One great reason to read this book is that it has affirmative and critical essays in it from two of my favorite "religious stuff" writers: Robert Reymond and James White. The really fun part here is that none of the 5 essayists are writing from a bland academic viewpoint: they are all writing in advocation of their particular demoniational viewpoint. I think the reading is always better when the writer obviously has a vested interest.

Anyway, who should read this book? Well, Christian theological "hobbyists" should read this book -- people who enjoy reading about secondary doctrines of the faith from the various non-fringe perspectives will enjoy the accessibility of this book.

I think pastors who are trying to open an ecumenical dialog with other denominations should read this book. Let's face it: seminary is not always a place where you get a balanced analysis of the practical views of the faith, and this book does a great job of not villianizing anybody. Even when Paul Zahl criticized James' White view of ecclesiology as too "high church", (which I find funny every time I read it, because Zahl is an Episcopal Bishop), it is done in the right spirit -- which is to say, it is given appropriate context to wave off any suspicion that anyone is taking a cheap shot.
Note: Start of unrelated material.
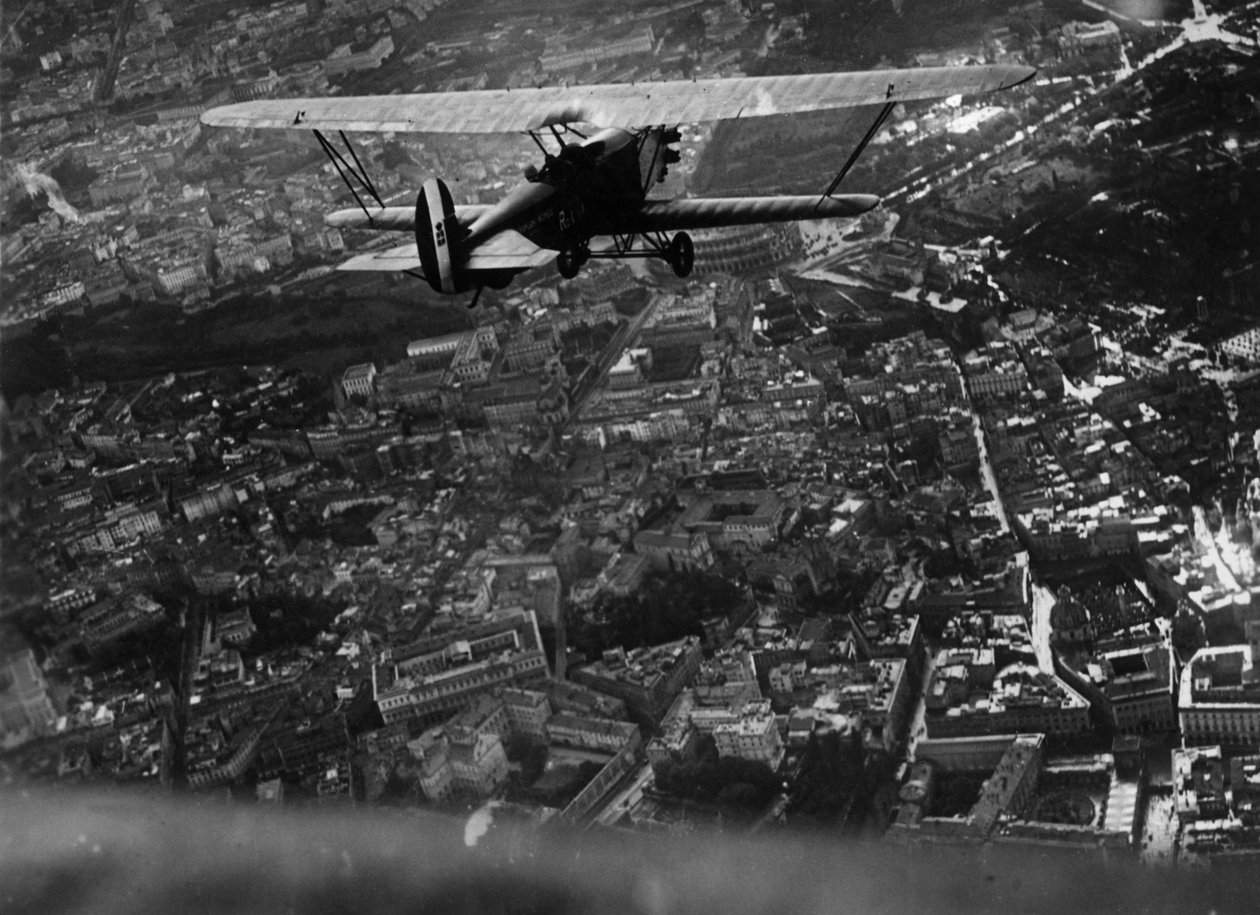 Rom (Italien), ca. 1930: Italiens luftfartsminister Italo Balbo (1896-1940) flyver over byen ombord på en "Ro1"-biplan under luftdemonstrationen, der blev givet til indvielsen af Salon du Tourisme - Rom, Italien, ca. 1930: Italiens luftfartsminister, It af William M. Timlin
Most importantly, in our world where Evangelical laymen and "deacons" or "elders" are frequently under-informed about important (though not necessarily deal-breaking) theological matters because they are too boring or don't fit into the program of a purpose-driven church, this book is for anybody who has concerns about what the church ought to look like from the inside. Does is put every action under the microscope, testing which pass the litmus test of James 1 for true religion? No, it does not. But if your church, for example, is taking under consideration the matter of whether it ought to adopt eldership as the model of accountability and church polity, or if you do not understand why your church does what it does in terms of church polity, this book gives you the introductory summary -- complete with fair criticisms -- of each of the 5 major views of Protestant church goverment.